UK private equity professionals may end up paying employment taxes without the right to redundancy pay, paternity or maternity leave and other labor rights if changes to the UK’s limited liability partnership (LLP) move ahead in April without change, legal sources tell PE Manager.
The reforms remove tax breaks for “self-employed” partners in LLPs, a popular private equity structure, when UK tax authority HMRC believes the partner is actually more akin to an employee of the firm – what the HMRC dubs a “salaried member”.
Under current LLP law, individuals do not have to pay employment tax (known as national insurance contributions) for taking on the risk of being a self-employed professional in a business partnership. But by being self-employed, partners forfeit their statutory employment rights.
Nonetheless, if HMRC deems a private equity partner a salaried member the individual is considered employed for tax purposes only. Consequently the partner ends up paying national insurance without being entitled to employment rights.
Legal experts speaking to PE Manager say many private equity firms can simplify matters by making their junior partners employees again.

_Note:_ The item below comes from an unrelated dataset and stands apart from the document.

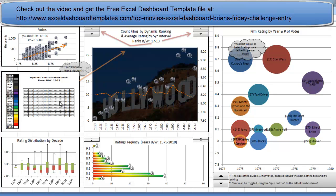So head on over there, check out Brian's video and let us know in the comments what you think about the dashboard. Come back for our next video where we'll show some other awesome dashboard techniques. Thank you.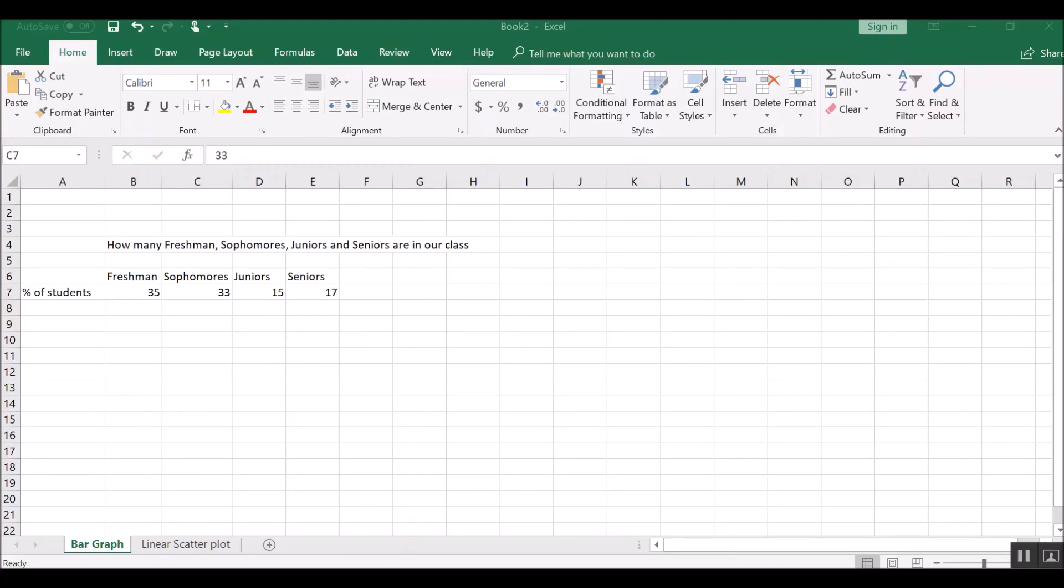So our lecture today is meant to help you get some quick advice about how to use Microsoft Excel to make graphs. Excel is a great data analysis and graphing program.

Otherwise junior partners can avoid being labeled a salaried member by meeting one of three requirements: having at least 20 percent of their pay tied to the financial performance of the LP; wielding “significant influence” over the affairs of the partnership; or making a capital contribution to the LLP that amounts to at least 25 percent of their annual salary.
However, legal experts say two of these escape routes are only suited to senior partners. They argue most partners in a firm receive remuneration based on personal or team performance, and significant influence appears to be only available for partners in very small LLPs, or those in an executive committee of a larger partnership.
Legal sources say even partners sitting on the investment committee cannot be guaranteed immunity through the “significant influence” route as HMRC’s guidance says a partner must have influence over the whole LLP, and not just a business unit.